Medicare and Medicaid are on the road to insolvency. There is no doubt about that among the numbers-crunchers; just among the politicians. It’s long been held that Social Security and Medicare are the “third rails” of politics – if you touch them, you’ll get burned. The recent uproar at the State of the Union address when President Biden falsely accused Republicans of wanting to get rid of these entitlements is just the latest in a long series of attempts to scare seniors into voting for Democrats.
But it is time that the adults in the room had a serious discussion about how to solve the insolvency problem. Seema Verma, former administrator for the Centers for Medicare and Medicaid Services under President Trump, offers her solutions in a recent article published in The Wall Street Journal.

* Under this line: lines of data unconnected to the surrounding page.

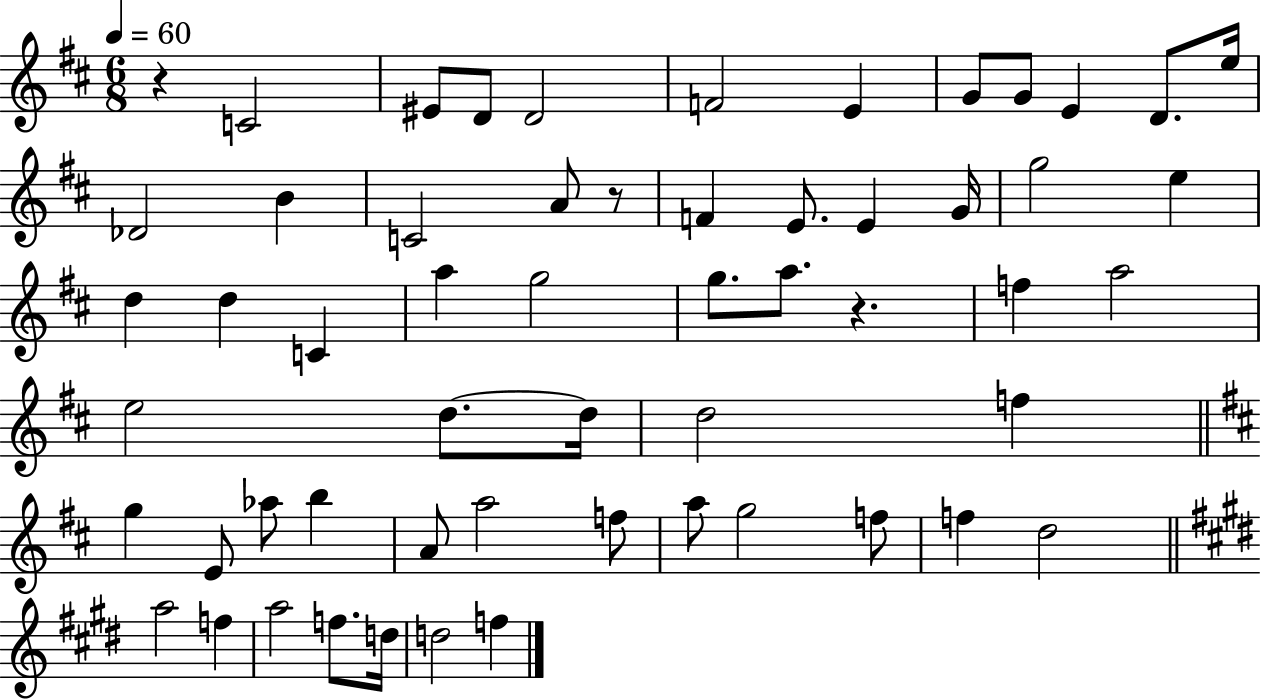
{
  \clef treble
  \numericTimeSignature
  \time 6/8
  \key d \major
  \tempo 4 = 60
  r4 c'2 | eis'8 d'8 d'2 | f'2 e'4 | g'8 g'8 e'4 d'8. e''16 | \break des'2 b'4 | c'2 a'8 r8 | f'4 e'8. e'4 g'16 | g''2 e''4 | \break d''4 d''4 c'4 | a''4 g''2 | g''8. a''8. r4. | f''4 a''2 | \break e''2 d''8.~~ d''16 | d''2 f''4 | \bar "||" \break \key b \minor g''4 e'8 aes''8 b''4 | a'8 a''2 f''8 | a''8 g''2 f''8 | f''4 d''2 | \break \bar "||" \break \key e \major a''2 f''4 | a''2 f''8. d''16 | d''2 f''4 | \bar "|."
}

Verma says the Medicare board of trustees has warned that the program is headed for insolvency in as little as six years. Medicaid has become the largest budget item in most states. Medicare and Medicaid collectively are two of the largest contributors to the national debt and will be the largest federal budget item by 2030, according to the Congressional Budget Office (CBO).
What are the solutions?
Verma says the answer to the current challenge doesn’t have to be rationing of care, higher taxes or increased costs for beneficiaries. Instead, she calls on the president to work with Congress to address the programs’ structural problems using common-sense market-based reforms. She believes doing so will help sustain important safety-net programs and improve the healthcare system for all Americans.
She believes the problem is fee-for-service medicine – the long-standing model for most healthcare in our country since health insurance was first introduced to the market. She says this model pays doctors and hospitals for the volume of service they perform with no regard to quality or outcomes. She calls for a change of the Medicare and Medicaid reimbursement schema by moving them toward a value-based reimbursement model.
In value-based care, instead of getting paid only when a patient gets sick or for rendering a specific treatment, a doctor is prepaid a fixed amount based on the patient’s health status. This payment method is used to cover all the patient’s healthcare-related costs. The prepaid amount creates incentives for the provider to make investments in the type of care that avoids expensive emergency-room visits and hospital stays – at least according to Ms. Verma.
A value-based reimbursement model is another name for capitated payments. This type of reimbursement model has been around a long time since the implementation of managed care in the 1980s. It was first proposed then by large managed care systems as a way to save money. It may accomplish that goal, but at the expense of quality of care. Ms. Verma says this form of reimbursement “creates incentives for the provider to make investments in the type of care that avoids expensive emergency-room visits and hospital stays” – which sounds good on its surface.
But the real incentives this form of payment creates are for doctors and hospitals to withhold treatment. I’d like to believe that doctors will always do what’s in the best interests of the patient, and we usually do, but doctors are also humans and incentives matter. When the doctor can make just as much money writing a prescription or giving a shot as they can doing surgery, which one do you think will be chosen most of the time? To make matters worse, since more doctors than ever are now employed by hospitals, which form of treatment will their hospital-employers dictate their employee-doctors choose? You can be sure it will be the less-expensive treatments.